MINNEAPOLIS, EUA (FOLHAPRESS) - Escalado pela terceira vez para o badalado palco montado no intervalo do Super Bowl, a grande decisão da temporada anual do futebol americano, Justin Timberlake, 37, resolveu antecipar-se e anunciar que não haverá nenhuma grande surpresa.

Segundo ele, que está lançando novo álbum de forma quase simultânea com a sua participação no evento, marcada para o domingo (4) às 21h30 (hora de Brasília), não haverá convidados. A participação do músico de Memphis deve durar cerca de 12 minutos.

"Apenas o meu grupo, o Tennessee Kids, estará comigo" afirmou Timberlake. O show do intervalo é conhecido cada vez mais por sua grandiosidade e por reservar algumas surpresas nas performances dos astros, como a do próprio Timberlake, em 2004, com Janet Jackson.

Naquele ano -que coincidentemente também teve o New England Patriots, com Tom Brady, na decisão-, o final do show entrou para a história do evento, quando Timberlake puxou uma peça de roupa da parceira, expondo uma parte do seio da irmã de Michael Jackson por meio segundo. Na época, os dois astros juraram que o incidente foi involuntário.

Conhecido como "Nipplegate", o caso gerou várias discussões nos Estados Unidos sobre transmissões de eventos ao vivo e foi parar até na Suprema Corte americana.

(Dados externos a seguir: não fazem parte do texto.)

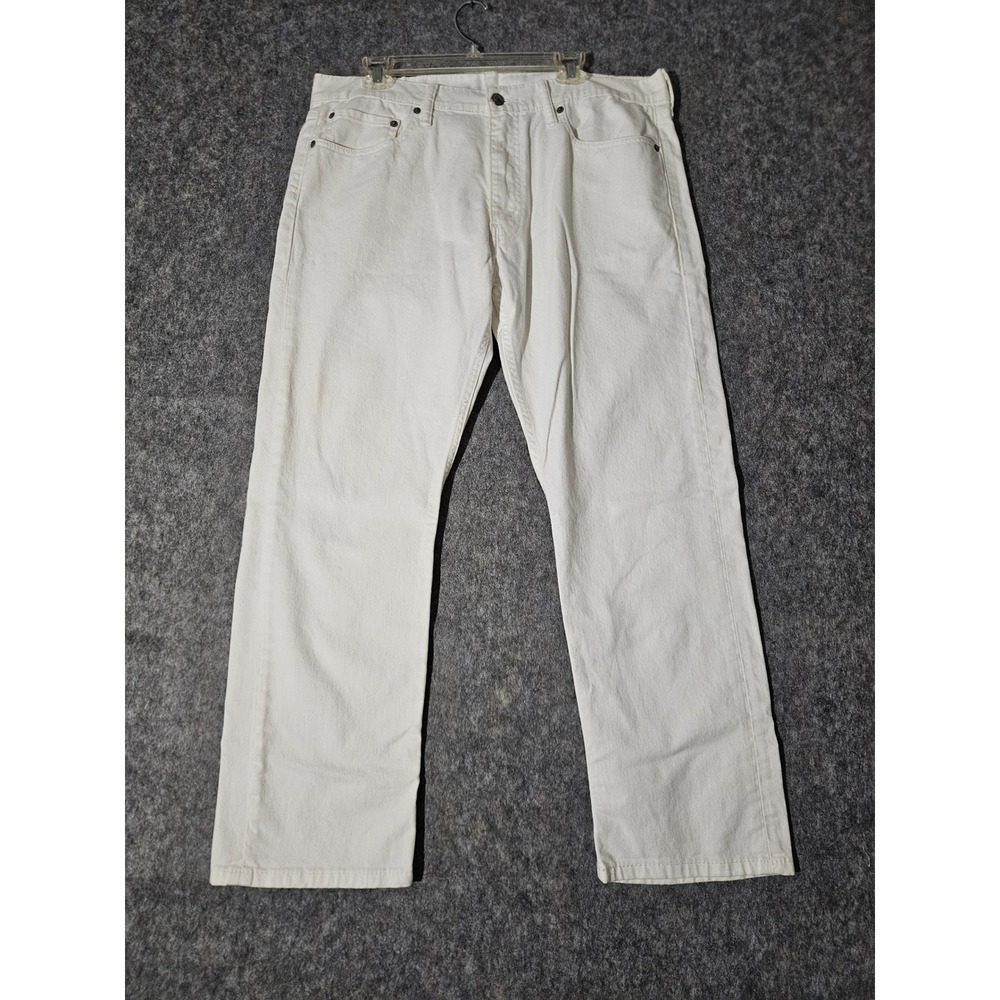 Levi's 513 Slim Straight Jeans Men White Denim 36x30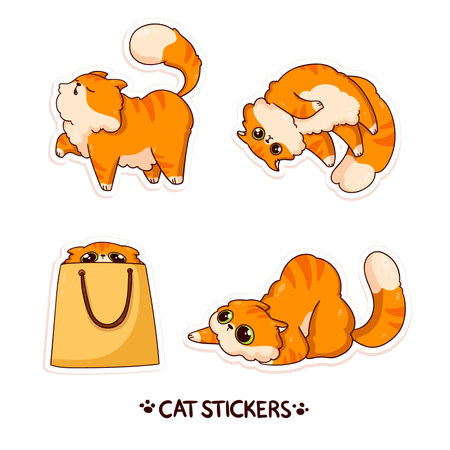 Cat stickers set. Cute cat in cartoon style. Vector illustrationのイラスト素材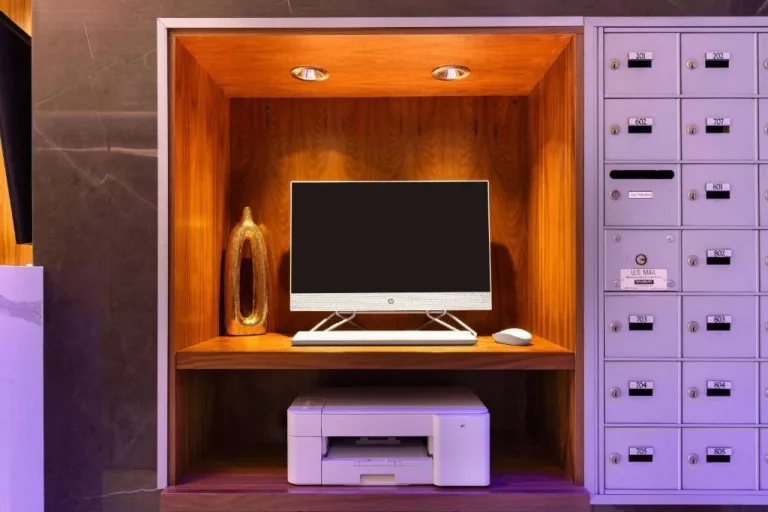 Business center with computer at The Haas hotel in California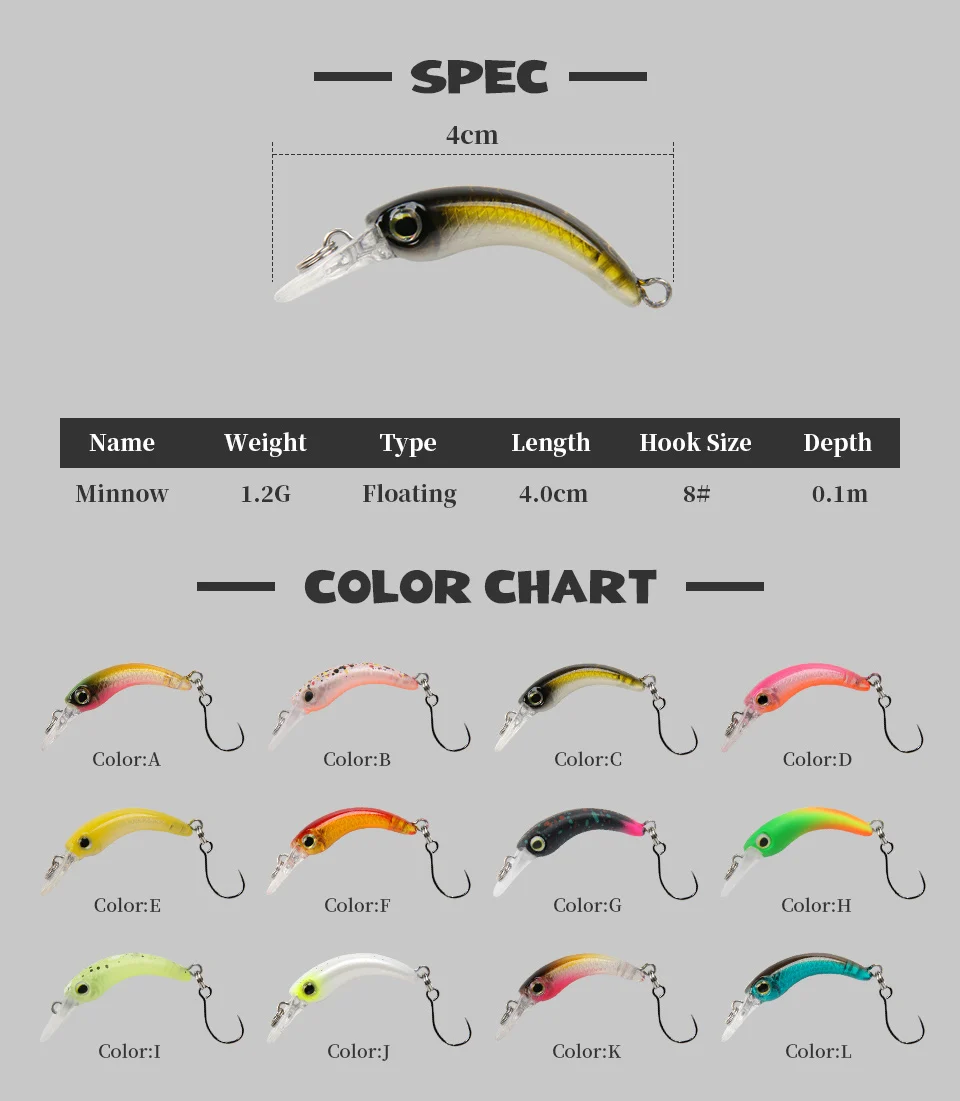 LETOYO Mini Trout Lure 1.2g Floating Minnow Trout Fishing Lure Micro Hard Lures Artificial Bait Wobblers For Trout Bass Perch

Já o Timberlake de 2018 é todo família. O astro fez questão de citar a mulher (a atriz Jessica Biel) e o filho (Silas, de 2 anos) algumas vezes.

Durante a entrevista coletiva, o músico não quis falar muito sobre o novo álbum, "Man of the Woods", que seria lançado na sexta-feira (2).

Todo esse esforço para fugir das polêmicas sugere que sua participação no Super Bowl tem um caráter promocional acima de tudo. "Man of the Woods" é o primeiro álbum do astro pop desde 2013, quando lançou o trabalho duplo "The 20/20 Experience".

Timberlake respondia aos jornalistas tentando fugir de qualquer tipo de confronto, optou pelo politicamente correto e também pelo humor.

Evitou dizer para quem torceria, apesar de ter afirmado, em tom de brincadeira, que "ama Tom Brady", elogiando até os cabelos do jogador -na final, o New England do seis vezes campeão Brady enfrentará o Philadelphia Eagles.

Timberlake disse também que incentivaria o filho a ser músico ou esportista, menos de futebol americano, apesar de ele correr bem as cem jardas (medida do campo).

Sua única pista sobre o show foi de que cantará o hit de 2016 "Can't Stop the Feeling", indicada ao Oscar de melhor canção como parte da animação "Trolls".

O Super Bowl 52 vai ocorrer na gelada cidade de Minneapolis, em Minnesota, Estado de onde vem Jessica Biel e onde nasceu Prince (1958-2016), referência do cantor.

"Ele realmente tem uma grande influência em mim. Na minha opinião, [Prince] é um grande músico, entre todos, quando eu penso em cultura popular. Todo o tempo que eu tive para ficar com ele, conversar com ele sobre música está preenchido com boas memórias. Vou levar isso para sempre, porque ele é um grande ídolo", afirmou Timberlake, já em Minneapolis.